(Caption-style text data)
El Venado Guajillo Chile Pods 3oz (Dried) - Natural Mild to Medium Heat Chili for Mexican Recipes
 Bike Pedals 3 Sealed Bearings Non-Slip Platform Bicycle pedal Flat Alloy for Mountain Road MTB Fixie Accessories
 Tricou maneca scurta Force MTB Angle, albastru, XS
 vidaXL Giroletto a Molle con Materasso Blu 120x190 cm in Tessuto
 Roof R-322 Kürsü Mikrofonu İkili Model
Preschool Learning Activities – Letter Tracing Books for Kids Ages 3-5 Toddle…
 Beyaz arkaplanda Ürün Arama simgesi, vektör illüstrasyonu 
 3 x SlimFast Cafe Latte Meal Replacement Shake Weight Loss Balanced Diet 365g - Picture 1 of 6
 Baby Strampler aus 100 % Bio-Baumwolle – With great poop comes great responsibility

> [TASK BRIEF] The records must be reproduced in full. Nothing should differ.

> [SOLUTION TO THE PROBLEM]
El Venado Guajillo Chile Pods 3oz (Dried) - Natural Mild to Medium Heat Chili for Mexican Recipes
 Bike Pedals 3 Sealed Bearings Non-Slip Platform Bicycle pedal Flat Alloy for Mountain Road MTB Fixie Accessories
 Tricou maneca scurta Force MTB Angle, albastru, XS
 vidaXL Giroletto a Molle con Materasso Blu 120x190 cm in Tessuto
 Roof R-322 Kürsü Mikrofonu İkili Model
Preschool Learning Activities – Letter Tracing Books for Kids Ages 3-5 Toddle…
 Beyaz arkaplanda Ürün Arama simgesi, vektör illüstrasyonu 
 3 x SlimFast Cafe Latte Meal Replacement Shake Weight Loss Balanced Diet 365g - Picture 1 of 6
 Baby Strampler aus 100 % Bio-Baumwolle – With great poop comes great responsibility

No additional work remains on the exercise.